Three sustainability-led projects receive NWO-KIC grants

Nieuws - 19 februari 2024 - Communication

Researchers at the TU Delft | Faculty of Industrial Design Engineering have been granted NWO-KIC funding for three separate projects. Two projects focus on repairability and one tackles the challenge of reusable packaging. The IDE researchers involved are Ruth Mugge, Ruud Balkenende, Lise Magnier, Sonja van Dam and Conny Bakker. Keep reading to find out more about each of the three projects.


Project 1: Tackling “Fixophobia”: Improving Repair Practices for Consumer Electronics

With project leads Ruth Mugge and Ruud Balkenende

In today’s linear economy, the rapid replacement of consumer electronics leads to CO2-emissions, resource scarcity, e-waste and pollution, thereby creating important environmental and societal challenges. Extending the lifetimes of consumer electronics is essential to tackle these challenges. Most consumer electronics are currently replaced because of the inability to fulfil their main function or a loss in performance. 

A repair economy in which all value chain actors (including consumers) adopt repair practices can resolve such performance issues, leading to extended product lifetimes, and a Circular Economy for consumer electronics. Yet, all value chain actors currently experience barriers that withhold them from trusting, accepting, and adopting repair practices, leading to ‘Fixophobia’.

This project aims to provide the much-needed scientific theories, societal tools, and repair system innovations to encourage a multi-actor system change and enhance trust, acceptance and adoption of repair practices for consumer electronics. To achieve societal impact, we collaborate intensely with a unique consortium, including all actors in the consumer electronics value chain: Original Equipment Manufacturers (OEMs), (design) consultancies, retail, repair organisations, consumer organisations, network/trade organisations, waste management, and policy organisations. 

Together, we take an innovative, interdisciplinary approach and co-create repair innovations, integrating knowledge on marketing, technology-enabled design, circular business, law and tax. Moreover, the project includes a focus on industry and student education to build the necessary human capital for future repair practices. 

This will ultimately lead to the implementation of high-quality, trustworthy and viable repair practices for consumer electronics and guide the necessary transition to a Circular Economy.


Project 2: ShaRePair: Sharing and repairing - circular consumption practices and initiatives in everyday urban life

With Sonja van Dam and Conny Bakker

The Dutch government aims to achieve a fully circular economy by 2050. Practices of repairing and sharing consumer goods are increasingly identified as transformative mechanisms for transitioning from a linear to a circular economy. Yet research has identified critical gaps in scientific and practical knowledge concerning how to support the widespread uptake of these circular consumption practices (CCPs). Shifting from individualised to shared and collaborative ways of obtaining, maintaining and disposing of products requires significant changes to systems of provision, the organisation of daily practices, and relations of social trust. 

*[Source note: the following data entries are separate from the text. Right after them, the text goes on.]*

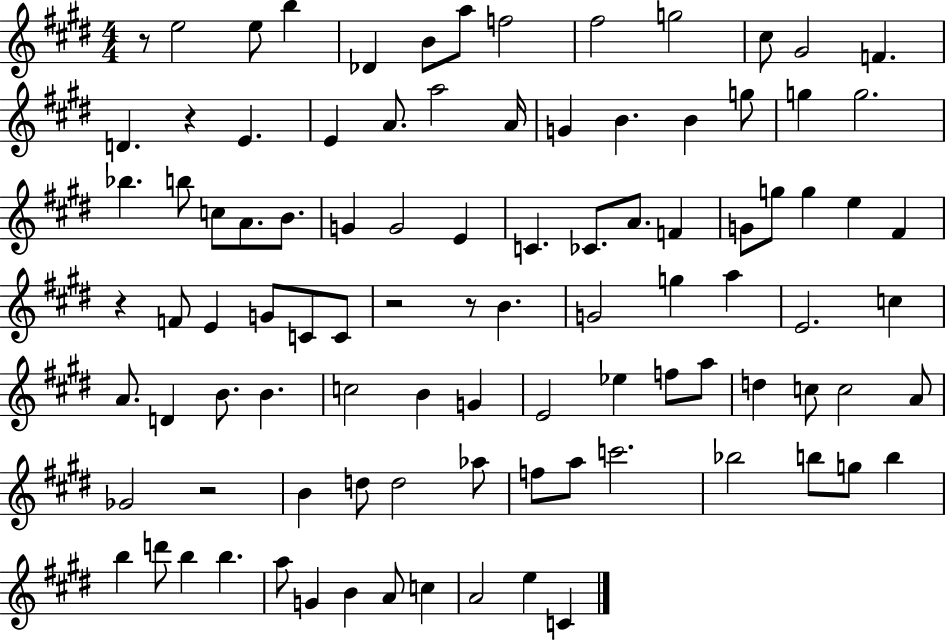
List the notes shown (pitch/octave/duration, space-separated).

R/e E5/h E5/e B5/q Db4/q B4/e A5/e F5/h F#5/h G5/h C#5/e G#4/h F4/q. D4/q. R/q E4/q. E4/q A4/e. A5/h A4/s G4/q B4/q. B4/q G5/e G5/q G5/h. Bb5/q. B5/e C5/e A4/e. B4/e. G4/q G4/h E4/q C4/q. CES4/e. A4/e. F4/q G4/e G5/e G5/q E5/q F#4/q R/q F4/e E4/q G4/e C4/e C4/e R/h R/e B4/q. G4/h G5/q A5/q E4/h. C5/q A4/e. D4/q B4/e. B4/q. C5/h B4/q G4/q E4/h Eb5/q F5/e A5/e D5/q C5/e C5/h A4/e Gb4/h R/h B4/q D5/e D5/h Ab5/e F5/e A5/e C6/h. Bb5/h B5/e G5/e B5/q B5/q D6/e B5/q B5/q. A5/e G4/q B4/q A4/e C5/q A4/h E5/q C4/q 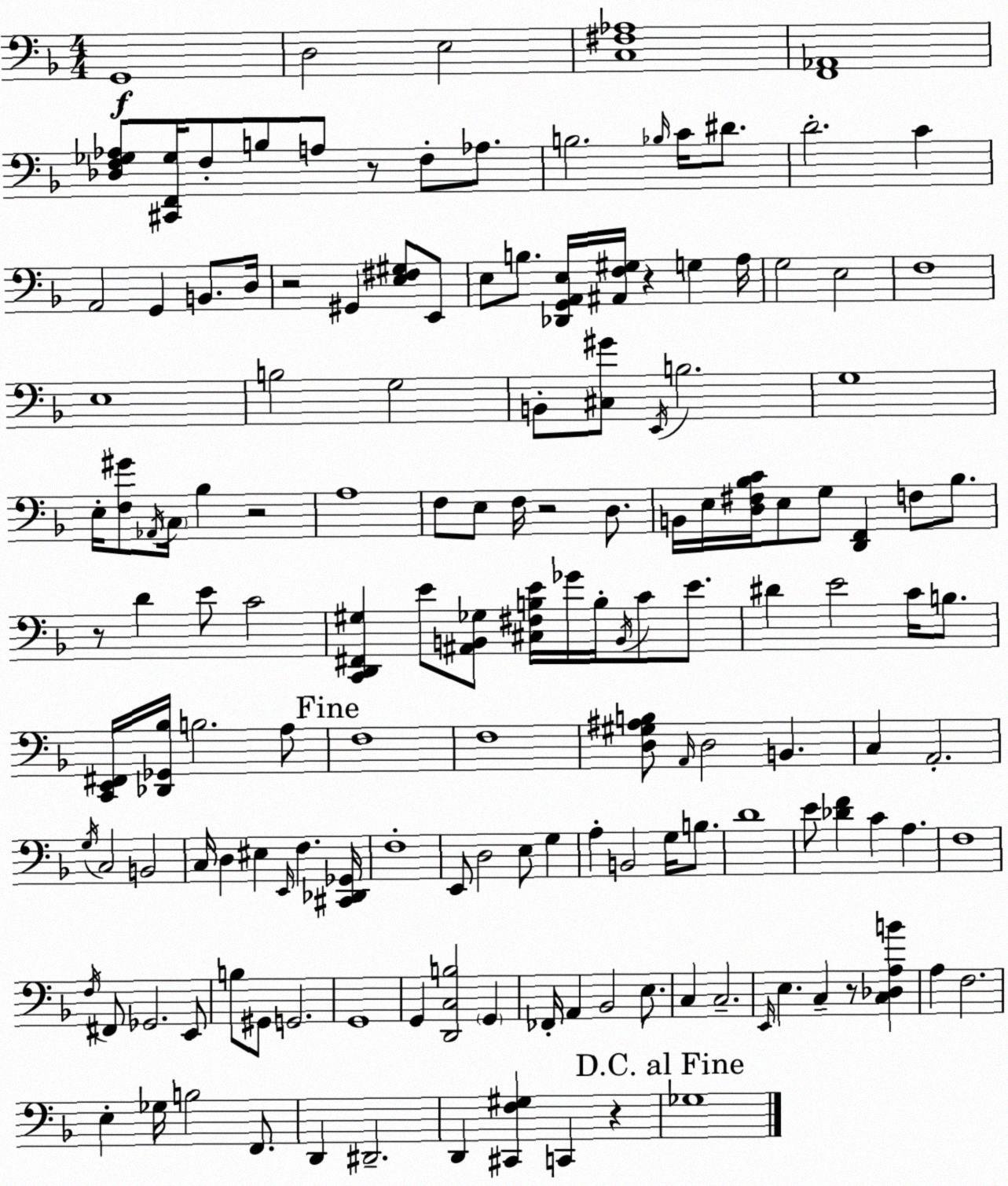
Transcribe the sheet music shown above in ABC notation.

X:1
T:Untitled
M:4/4
L:1/4
K:F
G,,4 D,2 E,2 [C,^F,_A,]4 [F,,_A,,]4 [_D,F,_G,_A,]/2 [^C,,F,,_G,]/4 F,/2 B,/2 A,/2 z/2 F,/2 _A,/2 B,2 _B,/4 C/4 ^D/2 D2 C A,,2 G,, B,,/2 D,/4 z2 ^G,, [E,^F,^G,]/2 E,,/2 E,/2 B,/2 [_D,,G,,A,,E,]/4 [^A,,F,^G,]/4 z G, A,/4 G,2 E,2 F,4 E,4 B,2 G,2 B,,/2 [^C,^G]/2 E,,/4 B,2 G,4 E,/4 [F,^G]/2 _A,,/4 C,/4 _B, z2 A,4 F,/2 E,/2 F,/4 z2 D,/2 B,,/4 E,/4 [D,^F,_B,C]/4 E,/2 G,/2 [D,,F,,] F,/2 _B,/2 z/2 D E/2 C2 [C,,D,,^F,,^G,] E/2 [^A,,B,,_G,]/2 [^C,^F,B,E]/4 _G/4 B,/4 B,,/4 C/2 E/2 ^D E2 C/4 B,/2 [C,,E,,^F,,]/4 [_D,,_G,,_B,]/4 B,2 A,/2 F,4 F,4 [D,^G,^A,B,]/2 A,,/4 D,2 B,, C, A,,2 G,/4 C,2 B,,2 C,/4 D, ^E, E,,/4 F, [^C,,_D,,_G,,]/4 F,4 E,,/2 D,2 E,/2 G, A, B,,2 G,/4 B,/2 D4 E/2 [_DF] C A, F,4 F,/4 ^F,,/2 _G,,2 E,,/2 B,/2 ^G,,/2 G,,2 G,,4 G,, [D,,C,B,]2 G,, _F,,/4 A,, _B,,2 E,/2 C, C,2 E,,/4 E, C, z/2 [C,_D,A,B] A, F,2 E, _G,/4 B,2 F,,/2 D,, ^D,,2 D,, [^C,,F,^G,] C,, z _G,4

In recent years, there has been a significant increase in urban sharing and repairing initiatives that seek to engage and support citizens in taking up new CCPs. There is an urgent and critical need to understand how and why engagement is occurring in these urban spaces, how social trust and everyday consumption practices are transforming, and how such CCPs can be scaled-up across society.

This inter- and trans-disciplinary study brings together societal, citizen, academic, and industry actors to develop insights into the contexts that support the emergence and widespread uptake of CE practices of sharing and repairing. Integrating sociology, product design and life cycle analysis, it advances innovative, scientific and policy-relevant insights on how to support, mainstream and scale-up repairing and sharing practices that reduce material consumption across different social groups. A multiple methodology including co-creation and Living Labs applied in two urban regions develops theory, methods and practical insights for progressing circular transformations, with critical national and international relevance.


Project 3: Re2Pack: Revolutionary Reusable Packaging

With Lise Magnier

Plastic packaging represents 40% of plastics used and comes with a severe environmental impact. Although use of more sustainable plastics has been proposed, this is only a partial solution. Reusable packaging systems (RPS) are more promising in reducing environmental impacts, yet have been subject to less integrated attention in science and society, potentially due to the complexity of the required system change. 

To address this, this project takes an interdisciplinary approach focused on value chains, consumer behaviour, and design, to introduce sustainable RPS (through increased recycled content for example). In collaboration with manufacturers and retailers, RPS providers, packaging and label producers, and logistics and cleaning facilitators, the project will provide insights into relevant decision processes, economic viability and sustainability of RPS, interventions for behavioural change, design guidelines, and decision tools. 

These insights will be gained through interviews, case studies, surveys, field experiments in retail stores, and in-home experiments. Dissemination takes place both nationally and internationally through teaching activities, scientific contributions, connections with existing learning communities and networks of experts. In doing so, our project contributes to the circularity goals set out in the National Program Circular Economy and the EU Packaging and Packaging Waste directive.


About NWO-KIC

NWO-KIC promotes innovation, increases economic activity and accelerates transitions in line with the Knowledge and Innovation Agendas.